Popular trainer Bob Hindi, a 20-year veteran cop in Nevada, always stresses the traditional triad when he teaches officer survival:

• Mental preparation 
• Physical preparation 
• Tactical preparation.

Yet when he headed out of his house on a late-night family errand awhile back, his readiness with these critical fundamentals was dangerously flawed. 
The result, he says, not only embarrassed him as an instructor but could have cost him his life. 
Hindi, an internationally known expandable baton expert and designer of a groundbreaking duty belt equipment deployment system, had fallen asleep on his couch in khakis and a t-shirt that fateful Saturday. At about 2230 hours, his 17-year-old daughter Hillary shook him awake and pleaded with him to run out to the neighborhood drugstore and buy her some cosmetics. 
Along with her sister Hannah, Hillary hosts and performs on "The Hillywood Show," a revue of spoofs and impersonations that's broadcast on the Internet, and she was "desperate" for makeup for her next program. 
"I was tired, annoyed and in a hurry to get this done," Hindi told PoliceOne. "We live in a very nice area of town, and the store is only about a mile away.

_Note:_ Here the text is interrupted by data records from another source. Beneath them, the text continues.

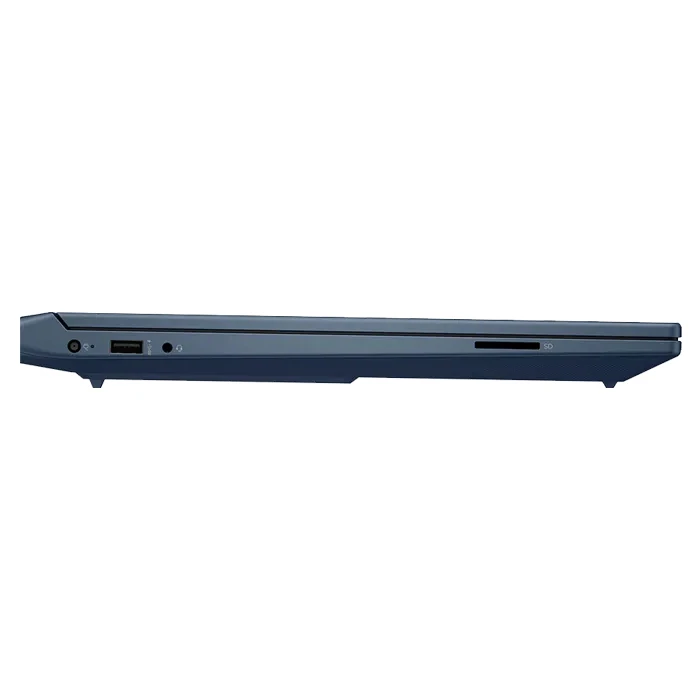 لپ تاپ 15.6 اینچی اچ پی مدل Victus 15 FA2013DX i5 13420H 16GB 1TB 6G RTX 3050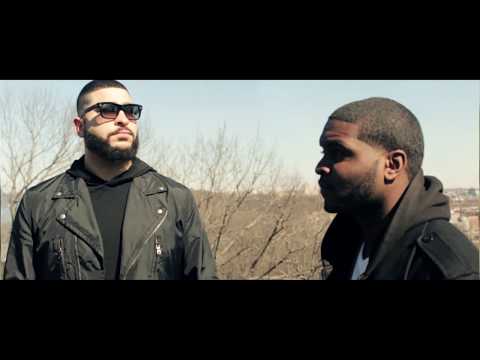 My Way - Axis GettinCash | Miky Mambo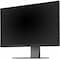 Viewsonic 27 ColorPro 5K IPS Monitor VP27885K - alternate 15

I'd been there a number of times, no problem." 
In his haste, he left home without a firearm or a knife. 
Approaching the checkout counter with Hillary's items in hand, he continued in what he now describes as "Condition White." 
Ahead of him at the cash register off was a black male with an oversized jacket and "extremely baggy, saggy jeans-a gangbanger look." 
In retrospect, Hindi realizes "he didn't fit the area," and when Hindi stopped about 8 feet away to wait his turn, the man, who was engaged in conversation with the 60ish female clerk, turned and looked him over, "up and down, sizing me up." 
Turning back to the clerk, evidently unimpressed, the man began asking about various items shelved behind the register, then in the next breath complaining that he didn't know where his money was-"acting really stupid," in Hindi's estimation.

Full Article: http://www.policeone.com/police-pro...t-for-life-reinforces-a-trainers-own-lessons/


----------



## GreenMachine (Mar 26, 2007)

I couldn't beleive that clerk just standing there talking smack. Good job Hindi!


----------